The first meeting with Yoon Bong-gil
Since I was six years old my parents have taken me to many Korean independent activists’ birthplaces, as they have a love for our country and the heroes such as Kim Gu and Lee Bong-chang. They struggled for the independence when Korea was under the rule of Japanese imperialism, at the beginning of the 20th century.
I was especially mesmerized by Yoon Bong-gil’s work among them, because I thought the effectiveness of his rebellion was by far the best. Korean independence movement was invigorated and began to receive financial support from the Chinese government after Yoon assassinated Shirakawa, a general of the Japanese Imperial Army, at the bombing attack. I was also impressed by his spirit of sacrifice in that he was sentenced to death only being 25 years old at that time.
Motive for writing B.K.Story
When I was a fourth grader in the elementary school, my homeroom teacher called me as “Little Yoon Bong-gil” because I showed special interest in the hero. Entering middle school, I started to collect historical records including Yoon’s own handwriting, his offsprings and acquaintances in his hometown, Yesan-gun, Chungcheongnam-do.
It was April 2007 when I decided to write a biography of Yoon Bong-gil for myself. I went to a bookstore to buy a kid in my neighborhood Yoon’s biography, but I found over 20 errors in each book introducing Yoon Bong-gil’s life. For nine months, I compared them with my documents and corrected the errors according to the testimonies from other independent activists and the archives of Chinese and Japanese government.
Errors and the facts newly discovered
I found 153 errors and 20 new facts in total while writing the book. All biographies of Yoon ever published explain that he kept silent when arrested by the Japanese policemen. However, in fact, he confused the Japanese government by stating incorrectly that his independence movement was supported by Lee Chun-san, an imaginary person. Thus, he could gain some time for other fellows to escape secretly.
Through my research, I also found some new aspects of Yoon as a labor activiest and a rural activist. He won the reputation of protecting Korean laborers’ right in Shanghai. In his hometown, he was an enthusiastic leader of enlightenment for farmers, believing the farm was “life warehouse”.

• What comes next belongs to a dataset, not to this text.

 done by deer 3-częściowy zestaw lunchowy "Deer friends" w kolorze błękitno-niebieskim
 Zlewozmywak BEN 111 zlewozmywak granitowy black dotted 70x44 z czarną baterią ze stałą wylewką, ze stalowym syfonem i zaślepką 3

As the future leaders of Korea, Yonseians should take the leading role toward making the country worth devoting and sacrificing. Patriotism must not be undervalued by coercion or blind love. It can be instilled into the hearts of people only when the country compensate well enough for the sacrifice like Yoon Bong-gil’s feat. However, Korean leaders today are very poor at dealing with their people and fail to arouse patriotism from them. Therefore, I hope Yonseians do not repeat such mistakes when they lead Korea in the future. I also hope there will be a constant effort to reveal many unknown but great independence activists who have not been treated fairly.